L’oeuvre de Raymond Aron reste donc pertinente aujourd’hui, car elle recèle des outils conceptuels et des développements éclairants pour penser les relations internationales et la guerre au 21e siècle. Son intérêt ne tient pas seulement à la lucidité du personnage ou à l’acuité de son jugement, reconnues aujourd’hui par tous, y compris par ceux qui ne partagent pas son engagement politique. Cela tient plus profondément à l’ambition de sa démarche et à la rigueur de sa méthode : Aron a su prendre au sérieux la guerre à la fois comme problème théorique et réalité politique, sans crainte excessive ni fatalisme quant à son éventuel déclenchement. Critique à l’égard du pacifisme (qui selon lui néglige le sens spécifiquement politique de toute guerre), il ne cède jamais au bellicisme, restant ici fidèle à la philosophie libérale, dont il connaît les limites en matière stratégique, mais à laquelle il reste attaché car elle demeure selon lui le meilleur rempart pour la préservation de la démocratie en temps de paix comme en temps de guerre.

Penseur du politique et des relations internationales à l’ère thermonucléaire, soucieux de perpétuer l’ambition clausewitzienne, Aron s’efforce ainsi tout au long de son parcours de lier les questions militaires aux enjeux politiques et idéologiques qui l’englobent.
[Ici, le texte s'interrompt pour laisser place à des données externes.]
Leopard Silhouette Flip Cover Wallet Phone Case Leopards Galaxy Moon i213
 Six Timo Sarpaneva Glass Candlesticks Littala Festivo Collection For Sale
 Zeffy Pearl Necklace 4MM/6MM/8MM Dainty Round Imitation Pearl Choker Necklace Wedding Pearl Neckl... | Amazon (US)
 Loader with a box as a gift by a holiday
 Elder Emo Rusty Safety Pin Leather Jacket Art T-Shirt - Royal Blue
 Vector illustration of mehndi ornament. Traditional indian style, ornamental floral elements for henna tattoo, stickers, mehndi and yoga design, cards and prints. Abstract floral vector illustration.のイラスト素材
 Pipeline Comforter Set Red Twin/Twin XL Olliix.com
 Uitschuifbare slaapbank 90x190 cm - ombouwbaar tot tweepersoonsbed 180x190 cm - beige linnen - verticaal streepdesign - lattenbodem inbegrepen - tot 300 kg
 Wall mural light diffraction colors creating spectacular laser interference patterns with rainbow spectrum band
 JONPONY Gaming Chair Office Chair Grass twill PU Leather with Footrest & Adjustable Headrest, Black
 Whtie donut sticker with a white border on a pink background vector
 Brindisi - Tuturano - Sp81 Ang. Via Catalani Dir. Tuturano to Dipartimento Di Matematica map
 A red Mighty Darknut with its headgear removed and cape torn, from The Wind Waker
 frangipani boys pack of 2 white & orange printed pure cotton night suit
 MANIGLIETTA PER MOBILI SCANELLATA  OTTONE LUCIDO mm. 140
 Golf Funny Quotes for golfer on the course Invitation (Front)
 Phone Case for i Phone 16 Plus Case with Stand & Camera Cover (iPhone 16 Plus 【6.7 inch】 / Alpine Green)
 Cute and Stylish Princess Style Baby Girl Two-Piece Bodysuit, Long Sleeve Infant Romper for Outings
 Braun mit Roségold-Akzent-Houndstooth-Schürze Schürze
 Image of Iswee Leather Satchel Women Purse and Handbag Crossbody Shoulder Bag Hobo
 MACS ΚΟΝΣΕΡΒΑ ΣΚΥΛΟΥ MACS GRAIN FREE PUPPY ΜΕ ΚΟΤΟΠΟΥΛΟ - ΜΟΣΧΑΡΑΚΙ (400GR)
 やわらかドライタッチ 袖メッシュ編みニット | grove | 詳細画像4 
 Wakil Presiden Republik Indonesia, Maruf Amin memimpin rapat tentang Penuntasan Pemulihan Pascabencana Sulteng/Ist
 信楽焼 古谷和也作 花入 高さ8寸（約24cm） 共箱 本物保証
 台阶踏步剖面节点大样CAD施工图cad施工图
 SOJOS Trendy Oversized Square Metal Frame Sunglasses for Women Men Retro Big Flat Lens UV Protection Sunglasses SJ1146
Pour lui, la guerre n’est pas une fin en soi, ni d’un point de vue théorique, ni d’un point de vue politique. C’est d’abord un moyen militaire toujours déployé dans un but politique lorsque la diplomatie a échoué. Plus encore, c’est un révélateur des permanences et des changements dans l’histoire humaine : d’une part, la guerre révèle le caractère central et permanent du politique comme élément structurant des sociétés humaines ; d’autre part, la polymorphie de la guerre à travers les âges et les continents révèle la diversité intrinsèque de l’expérience humaine dans le temps et dans l’espace. Pour Aron, toute guerre est le produit d’une décision politique, mais aussi le reflet de la société qui y est impliquée. Si l’on suit l’ambition aronienne, il est donc possible, à travers l’étude de la guerre, de fonder une théorie de l’action humaine qui concilie philosophie, sociologie et science politique à partir d’un questionnement originel sur l’irréductibilité de la condition politique. C’est sans doute parce qu’il nourrissait cette ambition que Raymond Aron peut être considéré aujourd’hui, près de trente ans après sa mort, comme un classique de la pensée internationale et stratégique, mais aussi comme un pionnier dont l’oeuvre peut être continuée.